[PROVIDED ENTRIES]

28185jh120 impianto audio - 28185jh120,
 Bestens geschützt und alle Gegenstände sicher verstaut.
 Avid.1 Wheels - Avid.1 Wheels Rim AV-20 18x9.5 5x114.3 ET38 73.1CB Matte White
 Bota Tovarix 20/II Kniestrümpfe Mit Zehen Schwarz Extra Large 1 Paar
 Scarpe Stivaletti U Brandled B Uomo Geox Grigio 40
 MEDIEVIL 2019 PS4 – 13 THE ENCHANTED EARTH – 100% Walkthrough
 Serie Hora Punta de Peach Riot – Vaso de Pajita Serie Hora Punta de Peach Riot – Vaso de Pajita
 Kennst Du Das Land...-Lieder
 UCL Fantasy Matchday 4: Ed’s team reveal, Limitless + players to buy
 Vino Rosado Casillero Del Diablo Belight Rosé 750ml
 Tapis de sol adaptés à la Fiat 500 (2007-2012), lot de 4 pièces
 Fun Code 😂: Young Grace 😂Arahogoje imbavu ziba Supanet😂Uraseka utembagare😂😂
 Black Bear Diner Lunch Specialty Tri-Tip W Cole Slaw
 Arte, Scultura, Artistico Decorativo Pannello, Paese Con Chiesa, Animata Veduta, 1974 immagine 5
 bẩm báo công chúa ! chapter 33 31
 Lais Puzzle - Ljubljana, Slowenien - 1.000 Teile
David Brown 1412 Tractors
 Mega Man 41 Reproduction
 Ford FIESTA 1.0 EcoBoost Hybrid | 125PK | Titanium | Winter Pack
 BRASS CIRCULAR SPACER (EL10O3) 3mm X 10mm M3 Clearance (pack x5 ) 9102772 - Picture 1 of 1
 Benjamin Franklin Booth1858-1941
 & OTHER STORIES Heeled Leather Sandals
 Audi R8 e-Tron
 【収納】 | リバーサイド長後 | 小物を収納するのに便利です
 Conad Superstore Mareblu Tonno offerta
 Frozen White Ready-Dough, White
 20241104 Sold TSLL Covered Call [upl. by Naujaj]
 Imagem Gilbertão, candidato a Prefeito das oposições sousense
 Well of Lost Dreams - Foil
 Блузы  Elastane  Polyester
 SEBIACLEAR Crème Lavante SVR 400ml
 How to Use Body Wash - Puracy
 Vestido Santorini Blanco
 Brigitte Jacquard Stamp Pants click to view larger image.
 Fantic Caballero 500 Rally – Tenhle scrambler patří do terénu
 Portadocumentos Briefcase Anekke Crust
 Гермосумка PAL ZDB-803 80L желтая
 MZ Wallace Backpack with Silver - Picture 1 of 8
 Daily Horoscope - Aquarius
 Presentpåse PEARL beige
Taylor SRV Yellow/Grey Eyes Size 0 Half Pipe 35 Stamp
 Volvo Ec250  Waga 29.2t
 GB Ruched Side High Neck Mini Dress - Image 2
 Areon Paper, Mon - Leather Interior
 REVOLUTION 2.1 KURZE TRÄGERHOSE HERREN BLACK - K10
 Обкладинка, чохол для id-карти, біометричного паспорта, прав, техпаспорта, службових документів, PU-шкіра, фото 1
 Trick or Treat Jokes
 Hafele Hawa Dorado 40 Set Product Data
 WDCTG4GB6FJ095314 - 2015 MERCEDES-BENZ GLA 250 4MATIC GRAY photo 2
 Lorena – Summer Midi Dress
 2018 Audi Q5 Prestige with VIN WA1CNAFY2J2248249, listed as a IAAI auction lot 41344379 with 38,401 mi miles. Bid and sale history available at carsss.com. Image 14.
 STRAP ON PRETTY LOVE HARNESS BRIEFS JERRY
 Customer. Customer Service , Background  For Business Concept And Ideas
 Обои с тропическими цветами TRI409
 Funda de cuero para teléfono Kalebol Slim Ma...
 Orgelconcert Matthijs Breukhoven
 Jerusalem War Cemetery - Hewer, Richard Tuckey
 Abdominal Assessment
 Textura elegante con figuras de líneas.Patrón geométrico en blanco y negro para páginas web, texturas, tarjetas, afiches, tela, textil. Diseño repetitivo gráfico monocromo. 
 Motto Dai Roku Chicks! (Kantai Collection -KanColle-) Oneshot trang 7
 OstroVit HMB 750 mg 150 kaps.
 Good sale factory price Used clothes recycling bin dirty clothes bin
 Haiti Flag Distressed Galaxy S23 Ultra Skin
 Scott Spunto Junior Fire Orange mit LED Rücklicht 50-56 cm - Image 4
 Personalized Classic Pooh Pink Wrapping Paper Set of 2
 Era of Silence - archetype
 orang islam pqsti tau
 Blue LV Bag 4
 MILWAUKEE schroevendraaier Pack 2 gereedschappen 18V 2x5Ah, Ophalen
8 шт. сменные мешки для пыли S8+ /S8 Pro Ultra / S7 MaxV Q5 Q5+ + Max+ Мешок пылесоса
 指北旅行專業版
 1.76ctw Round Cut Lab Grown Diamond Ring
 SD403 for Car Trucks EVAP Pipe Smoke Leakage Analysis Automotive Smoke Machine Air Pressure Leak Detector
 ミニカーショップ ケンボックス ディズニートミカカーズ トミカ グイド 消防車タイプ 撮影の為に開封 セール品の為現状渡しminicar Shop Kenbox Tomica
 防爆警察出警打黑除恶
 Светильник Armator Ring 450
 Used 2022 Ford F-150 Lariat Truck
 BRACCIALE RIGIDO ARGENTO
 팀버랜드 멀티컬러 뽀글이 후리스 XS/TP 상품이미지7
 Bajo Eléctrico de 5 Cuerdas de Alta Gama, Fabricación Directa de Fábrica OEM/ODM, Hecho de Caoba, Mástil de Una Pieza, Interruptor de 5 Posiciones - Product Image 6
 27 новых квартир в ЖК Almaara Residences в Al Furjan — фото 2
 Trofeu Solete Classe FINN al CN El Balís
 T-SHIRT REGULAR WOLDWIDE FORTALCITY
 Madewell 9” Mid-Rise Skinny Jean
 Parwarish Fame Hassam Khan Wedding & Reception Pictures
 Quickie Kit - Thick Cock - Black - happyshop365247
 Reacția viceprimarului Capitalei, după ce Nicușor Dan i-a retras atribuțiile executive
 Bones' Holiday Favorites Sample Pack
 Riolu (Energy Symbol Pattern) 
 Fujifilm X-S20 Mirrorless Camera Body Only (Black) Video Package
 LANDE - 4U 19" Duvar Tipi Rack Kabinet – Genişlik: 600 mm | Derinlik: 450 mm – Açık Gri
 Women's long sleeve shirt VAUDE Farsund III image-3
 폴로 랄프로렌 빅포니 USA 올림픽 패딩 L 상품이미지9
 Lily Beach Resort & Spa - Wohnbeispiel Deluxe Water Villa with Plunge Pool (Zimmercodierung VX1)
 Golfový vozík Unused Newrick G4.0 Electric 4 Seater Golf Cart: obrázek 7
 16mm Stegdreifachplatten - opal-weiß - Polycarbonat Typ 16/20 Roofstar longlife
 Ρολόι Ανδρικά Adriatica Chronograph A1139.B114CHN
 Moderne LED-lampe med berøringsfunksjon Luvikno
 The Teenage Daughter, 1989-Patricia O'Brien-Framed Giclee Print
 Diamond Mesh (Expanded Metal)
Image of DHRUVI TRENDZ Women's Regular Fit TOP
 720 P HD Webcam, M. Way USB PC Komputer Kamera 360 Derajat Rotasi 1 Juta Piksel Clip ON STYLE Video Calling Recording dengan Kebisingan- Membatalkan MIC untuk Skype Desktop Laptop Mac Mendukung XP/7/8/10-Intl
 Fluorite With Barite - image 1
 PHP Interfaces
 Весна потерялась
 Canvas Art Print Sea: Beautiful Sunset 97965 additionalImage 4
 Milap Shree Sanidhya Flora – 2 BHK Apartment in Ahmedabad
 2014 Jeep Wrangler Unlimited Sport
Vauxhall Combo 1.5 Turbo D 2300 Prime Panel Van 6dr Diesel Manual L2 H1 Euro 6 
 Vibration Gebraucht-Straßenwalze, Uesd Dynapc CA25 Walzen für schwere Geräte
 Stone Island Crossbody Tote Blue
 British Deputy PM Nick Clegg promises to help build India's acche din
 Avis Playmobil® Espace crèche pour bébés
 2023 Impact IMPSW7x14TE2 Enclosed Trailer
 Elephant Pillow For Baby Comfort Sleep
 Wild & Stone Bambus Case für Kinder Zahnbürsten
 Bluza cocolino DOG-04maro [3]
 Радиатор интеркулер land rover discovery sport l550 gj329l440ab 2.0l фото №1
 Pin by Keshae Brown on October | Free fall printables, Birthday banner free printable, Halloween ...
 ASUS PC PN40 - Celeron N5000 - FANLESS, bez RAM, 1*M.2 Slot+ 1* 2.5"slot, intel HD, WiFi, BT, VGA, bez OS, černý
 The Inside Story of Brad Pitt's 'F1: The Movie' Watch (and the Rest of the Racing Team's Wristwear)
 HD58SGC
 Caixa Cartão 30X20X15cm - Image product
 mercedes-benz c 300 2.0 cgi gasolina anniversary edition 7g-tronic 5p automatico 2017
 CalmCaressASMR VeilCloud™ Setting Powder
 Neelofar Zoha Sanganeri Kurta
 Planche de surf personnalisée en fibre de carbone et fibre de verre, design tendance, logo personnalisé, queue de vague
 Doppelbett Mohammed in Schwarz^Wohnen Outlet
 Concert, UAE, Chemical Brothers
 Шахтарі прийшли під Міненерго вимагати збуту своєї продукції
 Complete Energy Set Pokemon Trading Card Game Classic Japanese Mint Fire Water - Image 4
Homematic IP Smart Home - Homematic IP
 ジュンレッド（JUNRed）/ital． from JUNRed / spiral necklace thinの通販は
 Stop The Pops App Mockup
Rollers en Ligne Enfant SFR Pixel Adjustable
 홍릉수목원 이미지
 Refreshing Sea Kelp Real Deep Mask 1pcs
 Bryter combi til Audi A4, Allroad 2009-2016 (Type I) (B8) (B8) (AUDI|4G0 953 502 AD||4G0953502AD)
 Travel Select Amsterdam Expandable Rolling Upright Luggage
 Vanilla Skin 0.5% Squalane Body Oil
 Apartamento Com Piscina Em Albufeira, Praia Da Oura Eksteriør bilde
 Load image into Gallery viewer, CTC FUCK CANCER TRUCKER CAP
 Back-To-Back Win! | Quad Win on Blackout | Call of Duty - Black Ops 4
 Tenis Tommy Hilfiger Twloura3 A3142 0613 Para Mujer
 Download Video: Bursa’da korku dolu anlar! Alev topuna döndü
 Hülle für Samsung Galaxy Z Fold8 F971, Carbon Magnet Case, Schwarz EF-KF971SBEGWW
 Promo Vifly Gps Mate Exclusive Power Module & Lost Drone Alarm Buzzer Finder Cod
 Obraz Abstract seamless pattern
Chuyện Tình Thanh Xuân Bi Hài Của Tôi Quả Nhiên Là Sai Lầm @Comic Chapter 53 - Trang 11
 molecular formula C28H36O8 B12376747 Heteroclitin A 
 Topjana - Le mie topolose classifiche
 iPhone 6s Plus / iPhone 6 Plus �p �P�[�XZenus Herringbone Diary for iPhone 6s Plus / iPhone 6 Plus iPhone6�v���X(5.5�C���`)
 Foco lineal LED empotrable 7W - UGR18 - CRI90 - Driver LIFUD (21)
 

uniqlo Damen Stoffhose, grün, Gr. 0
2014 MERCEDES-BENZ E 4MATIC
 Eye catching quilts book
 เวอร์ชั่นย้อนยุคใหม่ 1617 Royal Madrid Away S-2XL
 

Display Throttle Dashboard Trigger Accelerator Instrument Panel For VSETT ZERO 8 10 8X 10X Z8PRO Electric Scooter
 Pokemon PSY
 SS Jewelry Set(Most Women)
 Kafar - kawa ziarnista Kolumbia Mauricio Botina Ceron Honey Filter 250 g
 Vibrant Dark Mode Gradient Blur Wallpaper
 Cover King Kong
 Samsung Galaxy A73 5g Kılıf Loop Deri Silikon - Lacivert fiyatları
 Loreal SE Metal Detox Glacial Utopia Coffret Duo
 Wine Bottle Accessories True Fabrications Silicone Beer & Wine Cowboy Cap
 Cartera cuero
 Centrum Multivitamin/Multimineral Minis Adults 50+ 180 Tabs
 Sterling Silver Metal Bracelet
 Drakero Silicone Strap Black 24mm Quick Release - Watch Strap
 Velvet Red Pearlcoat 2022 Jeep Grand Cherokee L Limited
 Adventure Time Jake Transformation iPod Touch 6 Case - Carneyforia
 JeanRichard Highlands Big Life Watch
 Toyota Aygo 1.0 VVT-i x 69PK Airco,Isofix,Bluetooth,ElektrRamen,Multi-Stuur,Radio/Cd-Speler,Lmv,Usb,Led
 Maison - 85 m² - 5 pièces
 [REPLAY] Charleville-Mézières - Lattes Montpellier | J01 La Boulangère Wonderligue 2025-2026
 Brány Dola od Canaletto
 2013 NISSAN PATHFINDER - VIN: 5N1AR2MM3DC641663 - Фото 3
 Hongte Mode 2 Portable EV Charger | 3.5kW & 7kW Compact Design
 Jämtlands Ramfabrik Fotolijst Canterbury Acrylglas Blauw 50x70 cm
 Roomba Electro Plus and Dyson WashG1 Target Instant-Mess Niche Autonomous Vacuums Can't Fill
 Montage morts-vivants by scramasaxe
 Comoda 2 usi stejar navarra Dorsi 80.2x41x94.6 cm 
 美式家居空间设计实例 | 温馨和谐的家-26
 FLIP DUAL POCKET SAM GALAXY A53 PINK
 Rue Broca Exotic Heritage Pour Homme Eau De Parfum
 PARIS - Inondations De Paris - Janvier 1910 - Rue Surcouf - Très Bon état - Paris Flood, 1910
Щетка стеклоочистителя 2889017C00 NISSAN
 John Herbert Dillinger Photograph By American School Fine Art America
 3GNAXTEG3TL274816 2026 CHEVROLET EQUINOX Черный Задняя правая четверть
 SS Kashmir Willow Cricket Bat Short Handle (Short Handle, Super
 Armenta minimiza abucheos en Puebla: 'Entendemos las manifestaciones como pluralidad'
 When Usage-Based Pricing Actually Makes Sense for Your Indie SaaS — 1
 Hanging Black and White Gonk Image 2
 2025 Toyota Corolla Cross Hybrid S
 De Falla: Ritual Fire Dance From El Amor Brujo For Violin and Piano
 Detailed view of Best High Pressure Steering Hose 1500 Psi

[/PROVIDED ENTRIES]

AIM OF THE EXERCISE
Reprint exactly the lines above that start at the one with "Foco lineal LED" and end at the one with "เวอร์ชั่นย้อนยุคใหม่ 1617 Royal", keeping both and adding none.

EXERCISE OUTPUT
 Foco lineal LED empotrable 7W - UGR18 - CRI90 - Driver LIFUD (21)
 

uniqlo Damen Stoffhose, grün, Gr. 0
2014 MERCEDES-BENZ E 4MATIC
 Eye catching quilts book
 เวอร์ชั่นย้อนยุคใหม่ 1617 Royal Madrid Away S-2XL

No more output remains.